私が、震災の年、縮小開催された野馬追取材を終え、人も馬もいない雲雀ヶ原祭場地を訪れたとき、たまたまそこで知人と待ち合わせるため、騎馬武者姿で立っていたのが渡部さんだった。
タガノムゲンは震災の翌月、養老牧場のホーストラスト北海道代表の酒井政明さんによって引きとられた「被災馬」である。北海道で英気を養い、昨年の春、また南相馬に戻っていた。
タガノムゲン
シルクファイナル
渡部さんと、今年の野馬追で再会することができた。
■シルクファイナル
騎乗しているのは小高郷先頭軍者の本田博信さん(写真左)。馬上から、「島田さん、これ、ナリタブライアン産駒のシルクファイナルです」と教えてくれた。本田さんは、前出の蒔田さんの同級生で、馬術の選手として国体に出場したほどの乗り手である。
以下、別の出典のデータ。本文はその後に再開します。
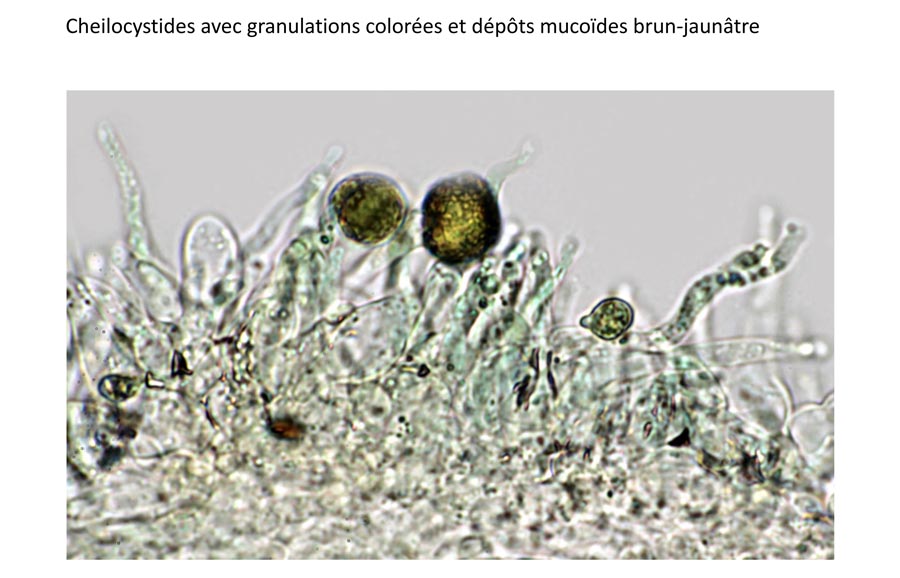 Psathyrella multipedata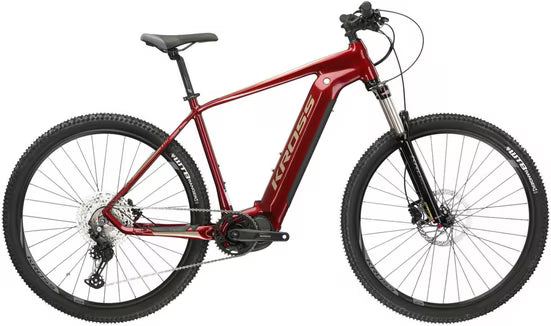 E-Bike Mountainbike E-MTB Level Boost 2.0 29 Zoll rot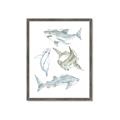 Picture of Sharks _GroupedProduct_Rectangle_Portrait_Mini_ _GroupedProduct_Rectangle_Portrait_Framed_Matted_
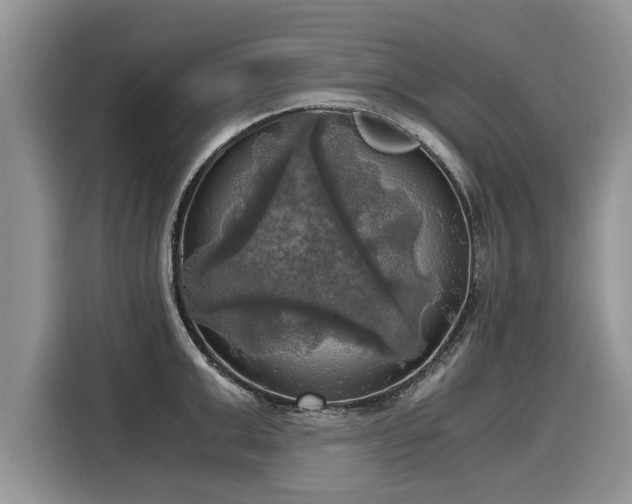 X0000116020999200911271112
息子さんに、私を「『優駿』や『ギャロップ』で書いている人だよ」と紹介してくれたのは嬉しかった。拙文を読んでくれているらしい。
本田さんも蒔田さんも、原発事故の影響で自宅に戻ることができず、今年も避難先からの出陣となった。そうしたつらさ、苦しさを感じさせないエネルギーを、この伝統の祭りから得ているのかもしれない。
■カフェボストニアン
野馬追最終日の野馬懸で、騎馬武者たちに追われて相馬小高神社境内の坂を駆け上がり、神前に奉納されるという役割を果たした。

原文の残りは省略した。